Mr Gove  also said that a new National Planning Policy Framework, which sets the number of houses a local authority needs to build based on population growth and affordability criteria, was to be tweaked to ensure it would better take local situations into account.

“Local authorities that have sought to vary the number to take account of the need to protect the Green Belt or other areas of environmental, heritage or aesthetic importance have found the Planning Inspectorate invincibly attached to the number first thought of, with only very few exceptions,” Mr Gove said.

“Local authorities have the comfort of knowing they need not re-draw the green belt or sacrifice protected landscapes to meet housing numbers.”

Responding, the leader of Reading Borough Council, Cllr Jason Brock, said: “The Council’s position has always been that it remains essential that the correct planning framework is in place nationally to enable local councils to keep an overview of local planning decisions and any suggestion that local powers may be further eroded is of course of concern.

“Aside from being a key pillar of local democracy, the local planning process plays a significant role in place shaping and ensuring developers take into consideration the local planning policies, whether that is homes reaching high environmental standards, that they do not cause harm to communities and that they make an appropriate contribution to local infrastructure or affordable housing, for example.”

He felt the government’s approaches on housing had not been beneficial to Reading.

“Through its policies the Government is putting the onus on high-density developments in urban areas to absorb the need huge demand for new homes, in particular by applying arbitrary levels of growth to the 20 largest urban areas, including Reading, while simultaneously giving other areas greater flexibility over the level of homes to be provided,” Cllr Brock continued.

“While we do not dispute the need for new homes, and remain committed to addressing the housing crisis within our boundaries wherever possible, they need to be the right homes and to be delivered within a planning framework which offers protection to the local environment.

“Meeting much-needed family housing, for instance, is more challenging in an urban area such as Reading where most of the available sites are at a high density in the town centre.

“The approach to meeting housing needs should be applied consistently across the country in a way that does not actively make it more difficult to meet our national housing needs.”

He added: “The Secretary of State has emphasised the importance of ensuring that plans are up to date.
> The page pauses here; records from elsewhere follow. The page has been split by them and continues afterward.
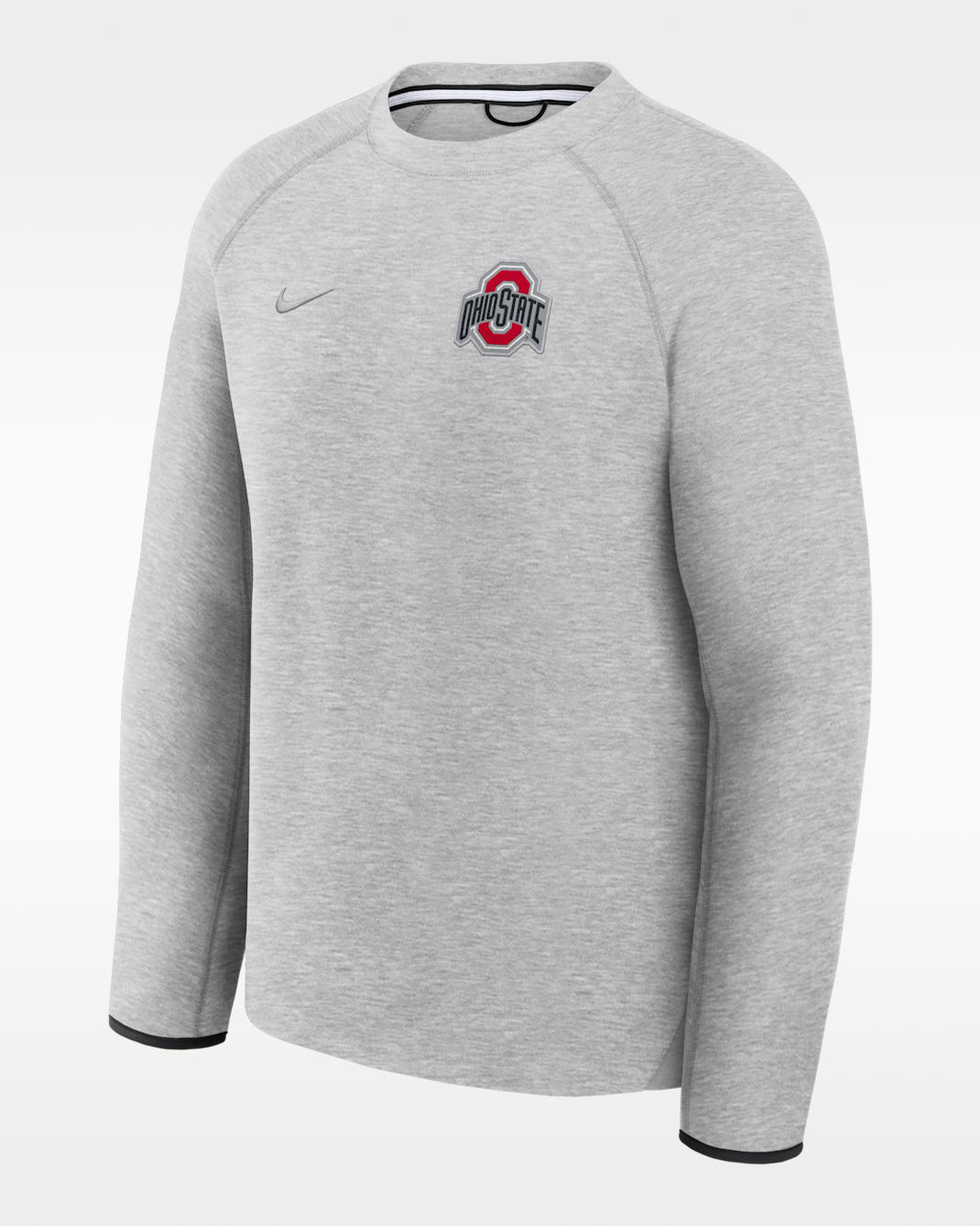 Ohio State Tech Fleece Men's Nike College Pullover Crew - Grey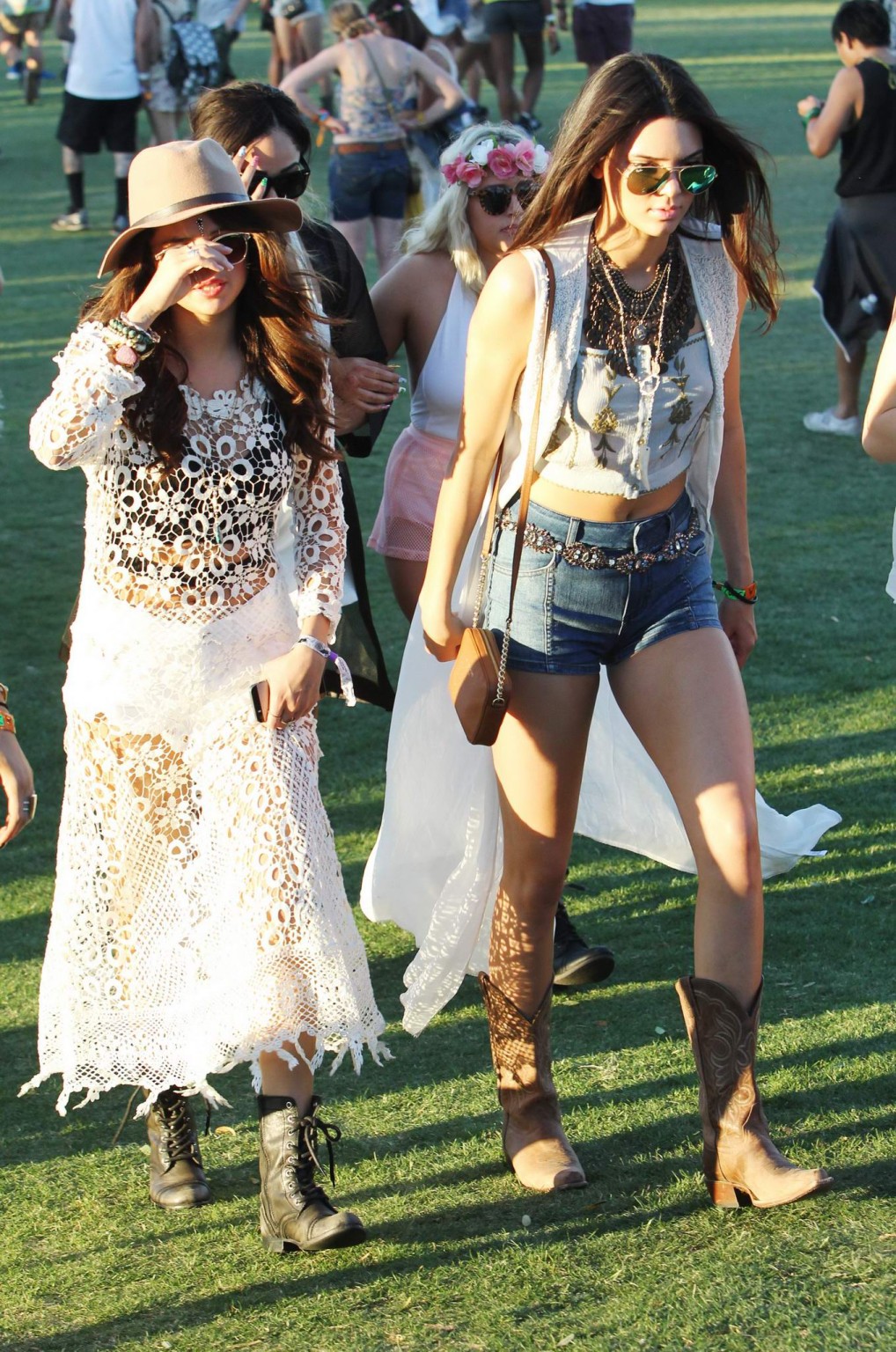 Selena Gomez seethru to underwear with leggy Jenner sisters #75199765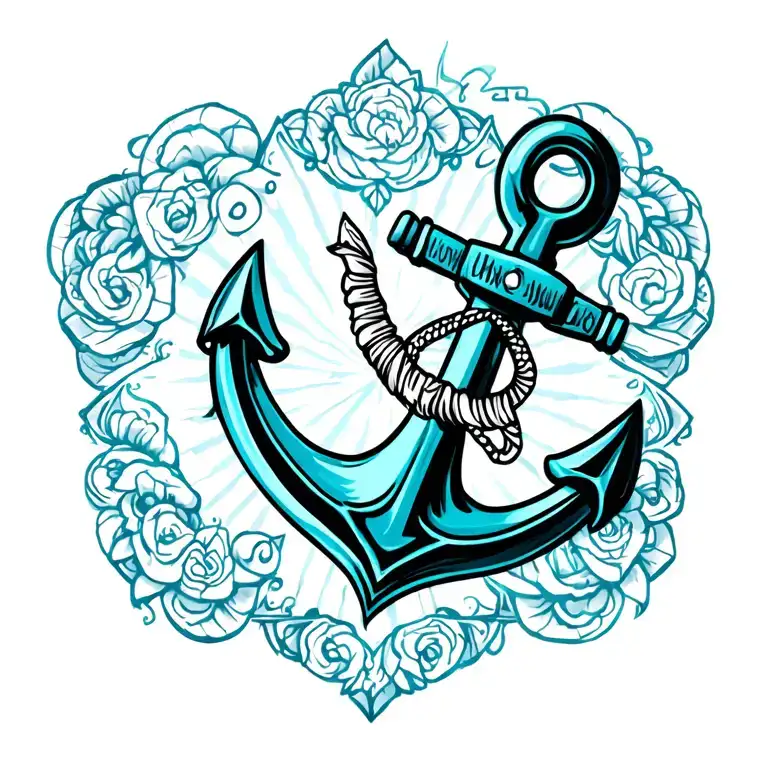 Anchor tattoo design idea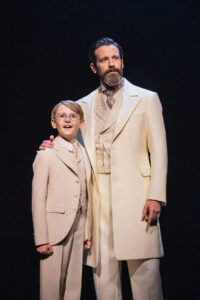 Nick Barrington as Little Boy and Colin Donnell as Father in Ragtime.
© Matthew Murphy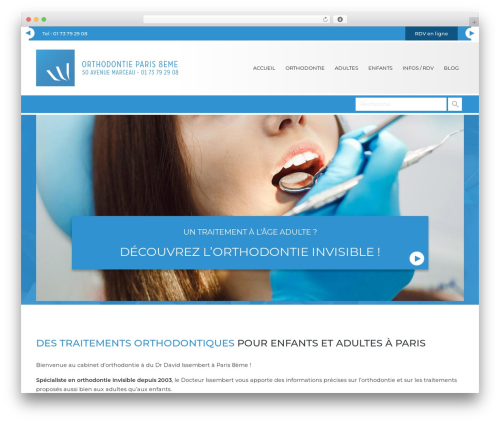 WordPress theme Hydrogène - www.orthodontie-paris15.fr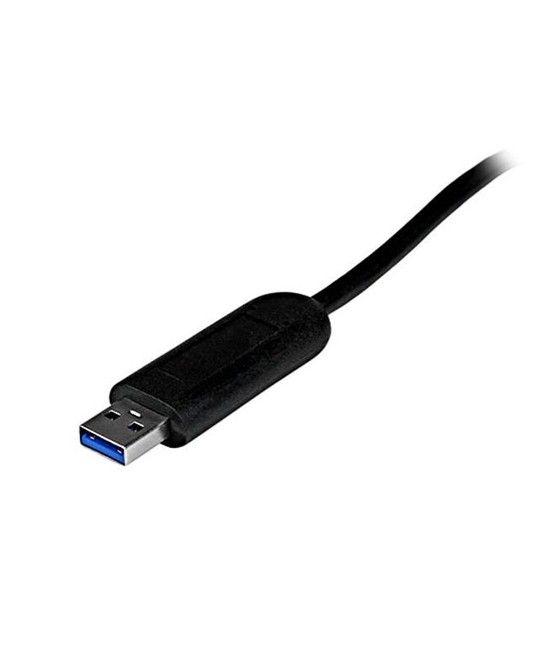 StarTech.com Adaptador Concentrador Hub Ladrón USB 3.0 Super Speed Portátil de 4 Puertos Salidas - Negro - Imagen 3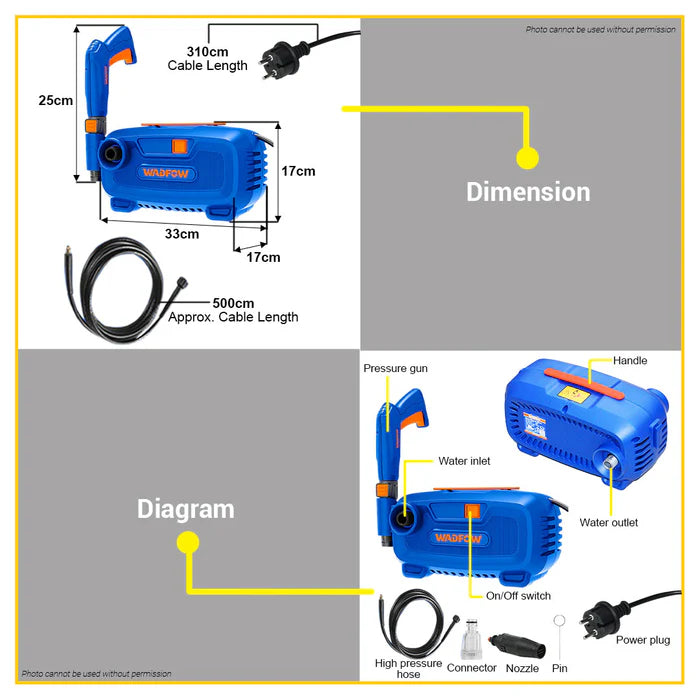 Wadfow High pressure washer – WHP1A11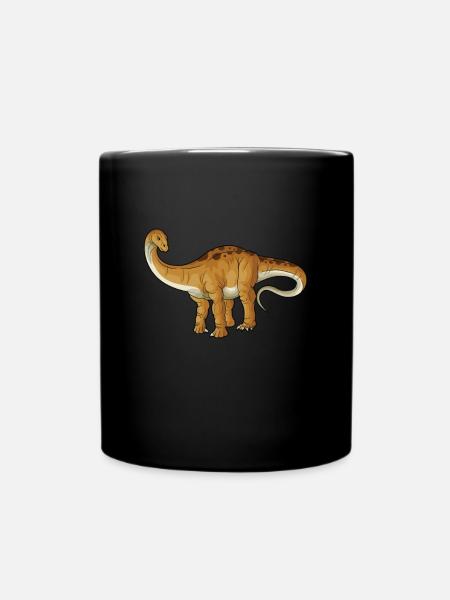 Apatosaurus Dinosaurier Kinder Dino Geschenk - Tasse einfarbig - Schwarz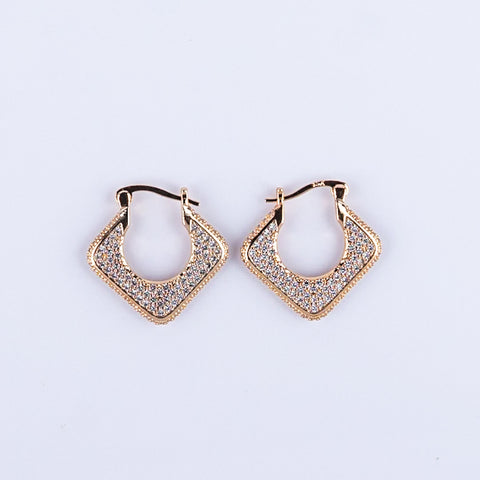 Radiant Pave V  Hoops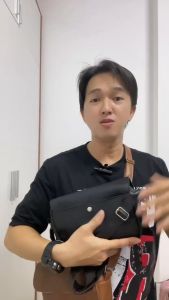Túi đeo chéo da sang trọng chống nước Plain [KHUYẾN MÃI LỚN]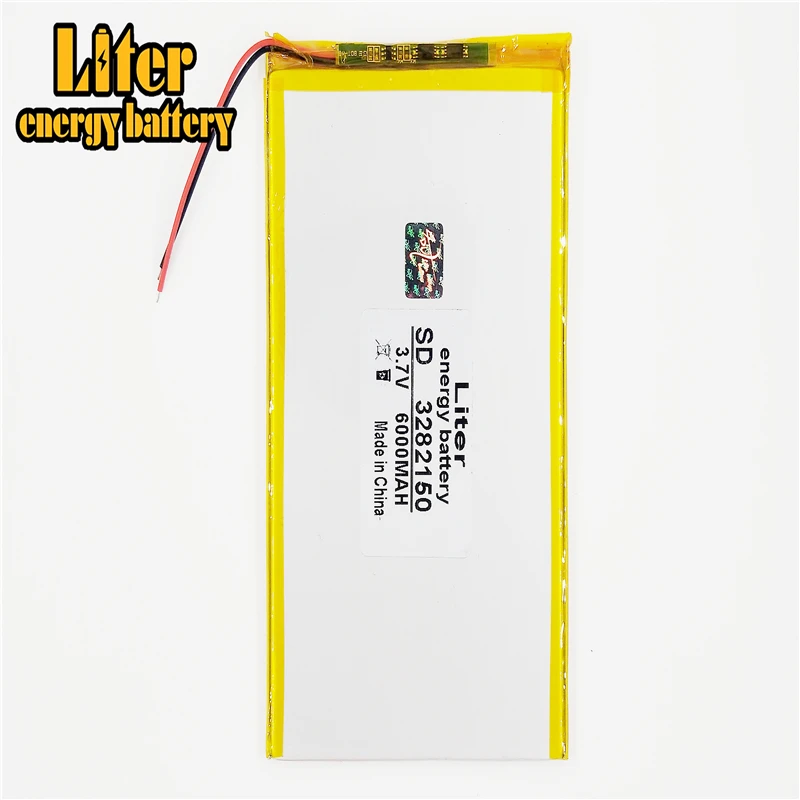 3282150 3.7V 6000mAH(Real 6000mAh) 3280150 Li-ion battery for V88, V971, M9 Tablet PC, 3.2*82*150mm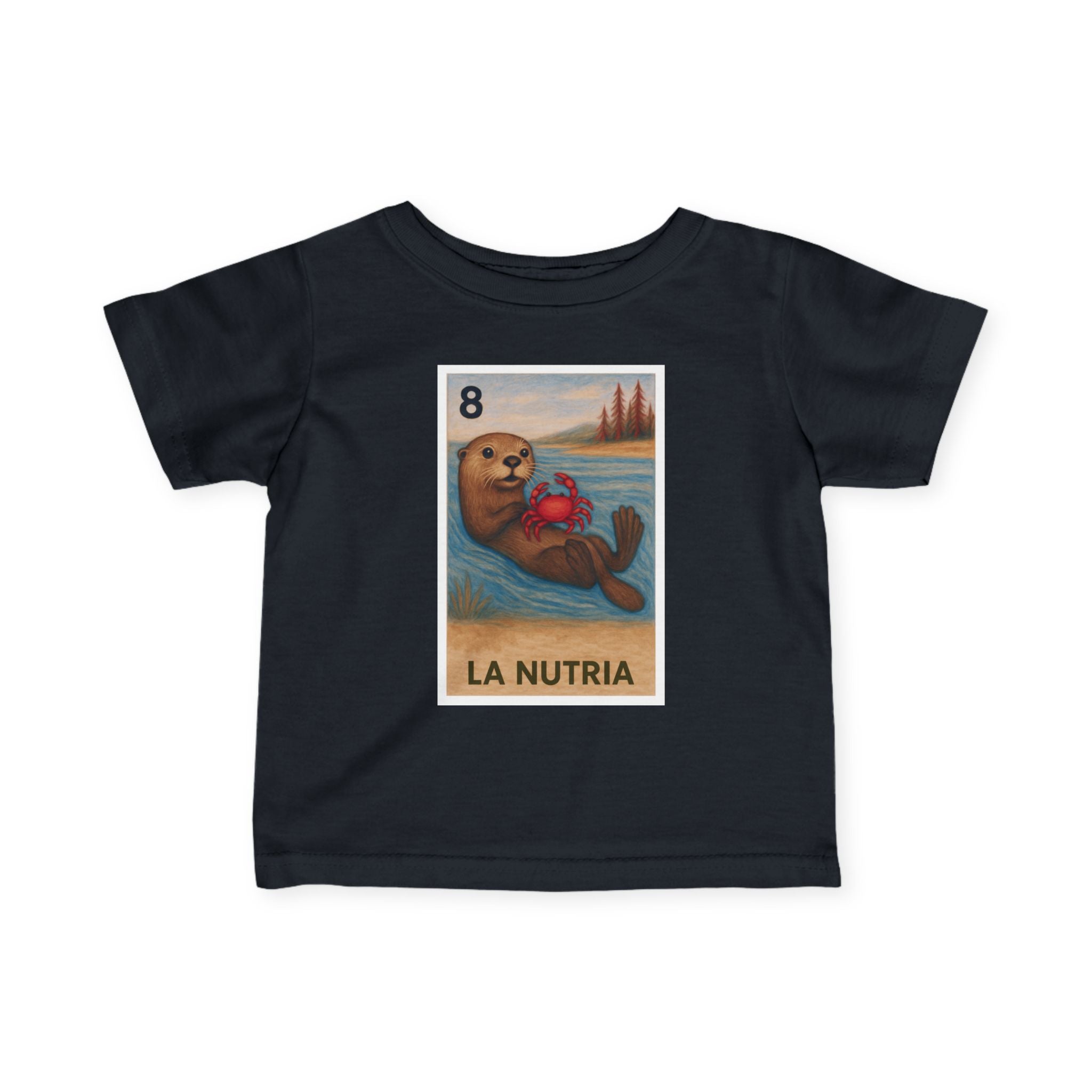 Sea Otter Lotería - Infant 100% Cotton T-Shirt (La Nutria)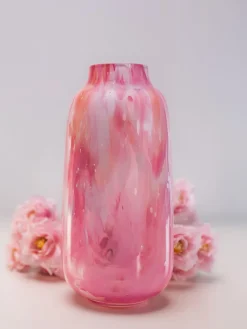 Jarrón soplado artesanalmente Meadows, 26 cm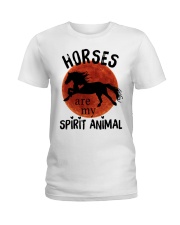 Horses Are My Spirit Animal Ladies T-Shirt tile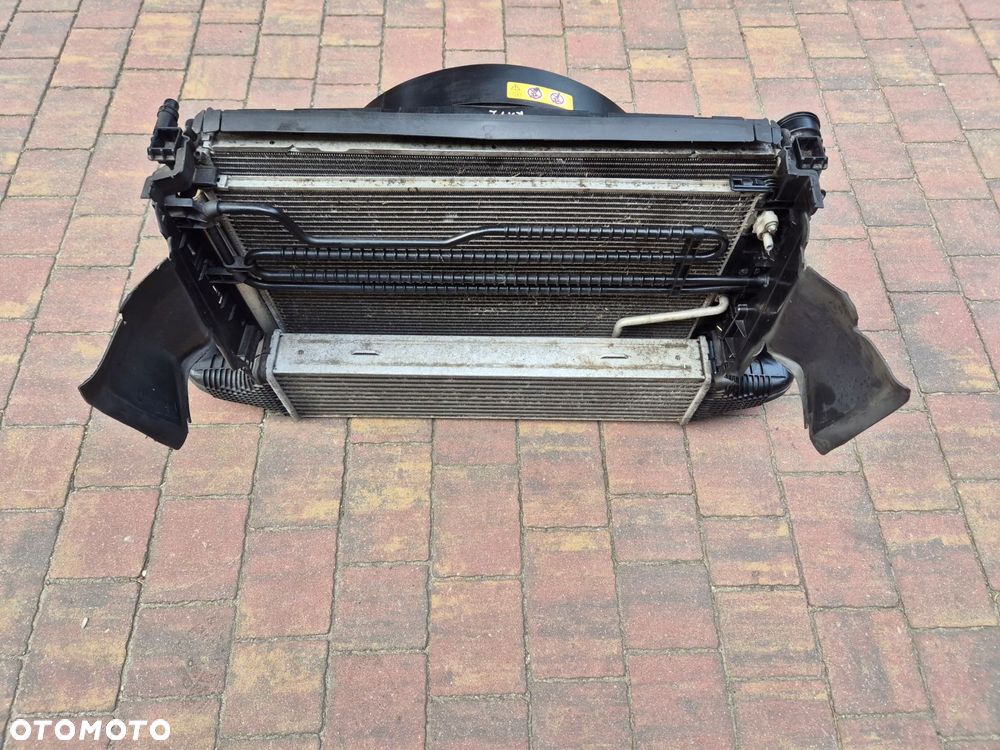 chlodnice komplet chlodnic wentylator mercedes slk r172 cdi - 1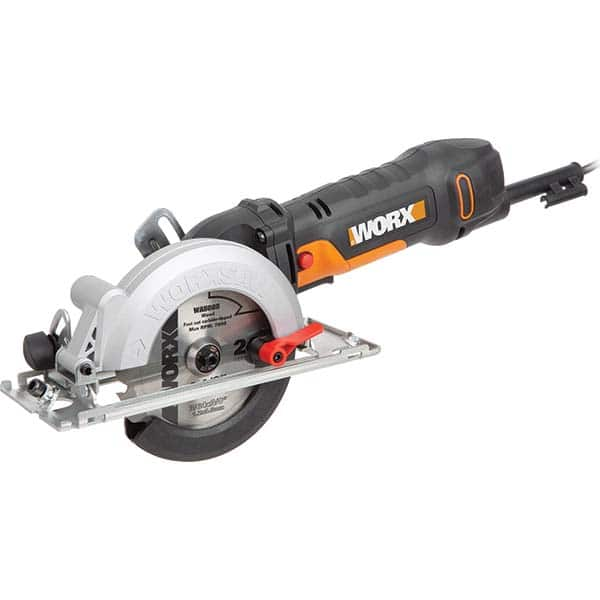 Worx - Electric Circular Saws Amperage: 4.5000 Blade Diameter Compatibility (Inch): 4-1/2 - Exact Industrial Supply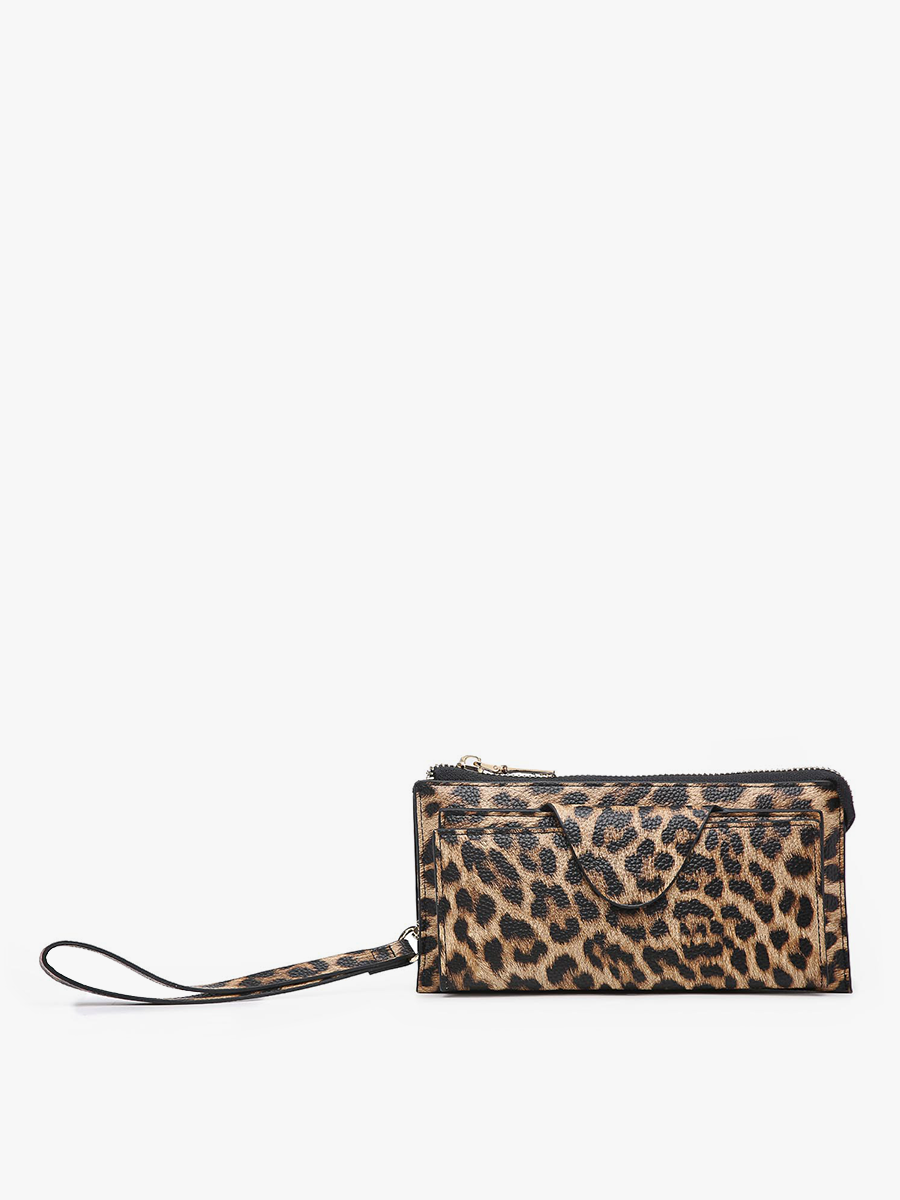 Kyla RFID Wallet w/ Snap Closure: Coffee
Reading has a local plan in place and is making good progress on updating it to make sure that it continues to be up-to-date.

“However, with changes to the planning system and to national policy being rolled out on a frequent basis, it is extremely challenging to keep plans up-to-date, and the delays in plan production in other authorities are in large part down to continued uncertainty at national level.

“There are elements of the announcement that the Council welcomes, not least the recognition that, where a local authority has done the hard work in getting an up-to-date plan in place, that the authority not be subject to constant challenge on housing numbers at planning appeal, which has significant impacts on strained local authority budgets.

“However, the overall effect is one of continued uncertainty and a different approach between already constrained major urban areas and other parts of the country.”

And Cllr Rob White, Green Party, leader of the main opposition party and Park ward councillor, said: “The problem that we have in Reading is that the Labour council is failing on affordable housing.

“Too many residents are being priced out of the town in the middle of a cost of living crisis.

“We need action from the government to bring forward more truly affordable homes rather than build, build, build resulting in more luxury flats.”